069「とても楽しい」_2

“均流島のス族の人々は、すでに多くのものを忘れてしまっています。今の勢いで行けば、彼ら自身を忘れてしまうのも遠くはありません。”

“それは多分彼らがここに属していないからでしょう、漂流してこの地に辿り着いたのも単なる偶然だった。だが、その偶然に私は感謝しています。それがなければ、私は愛する人と出会う機会はなかったでしょう。”

彼はすぐに語った。もしマシューが興味があって、能力があるなら、何の問題もなくそれらの木を移植しても良い。

村の長老たちは決して妨げることはないだろう。

許可が出ると、マシューは喜んだが、彼はすぐにパールの様子を尋ねた。

彼は過去2日間、時折老婆婆のもとを訪れたが、得た結論は決して明るいものではなかった。彼女はいつこの人生を終えてもおかしくない状態に見えた。

しかしながら、オーエゲンの態度は非常に積極的だった。

彼は笑いながら言った。

“彼女はここ数日間、精神が良く、私の予測では、少なくとも元灯節がくるまでは、この状態を保つと思います。”

マシューはオーエゲンの笑いから、何か他の意味を感じ取った。

そこで彼は静かにオーエゲンの背中を叩いた。

そして、魔法の勉強をするために部屋に戻った。

……

2日後。

予定通り元灯節が訪れた。

この日、均流島に住む人々の石の家の前には、すべて赤い提灯が掛けられ、祝祭の雰囲気が少し増した。

マシューは気づいた。彼が最初にこの場所に来た日に出会った、人と関わるのを避けている老人も、自分の家の前に提灯を吊るしている。

彼はその人に挨拶をしに行った。さらに驚いたことに、その人は返事をしてくれたばかりか、わずかに笑顔を浮かべていた。
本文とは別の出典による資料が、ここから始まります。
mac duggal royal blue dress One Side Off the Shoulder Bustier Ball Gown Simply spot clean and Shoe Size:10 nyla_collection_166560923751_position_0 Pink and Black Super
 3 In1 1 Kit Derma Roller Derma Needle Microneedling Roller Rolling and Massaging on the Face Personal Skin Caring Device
知っての通り、マシューはここで過ごした日々の間、全ての村の老人たちと挨拶を交わした。村人の中でも珍しい若者である彼に対し、老人たちは皆親切だったが、その中でも一人だけが無視していた。

マシューは一時、その老人が精神疾患を抱えているのか、もしくは意思疎通ができないのかと思っていた。しかしかれが今日返事をくれるなんて思わなかった。

彼はすぐさまその老人と話し始めた。それどころか、老人の反応は以前よりも激しかった。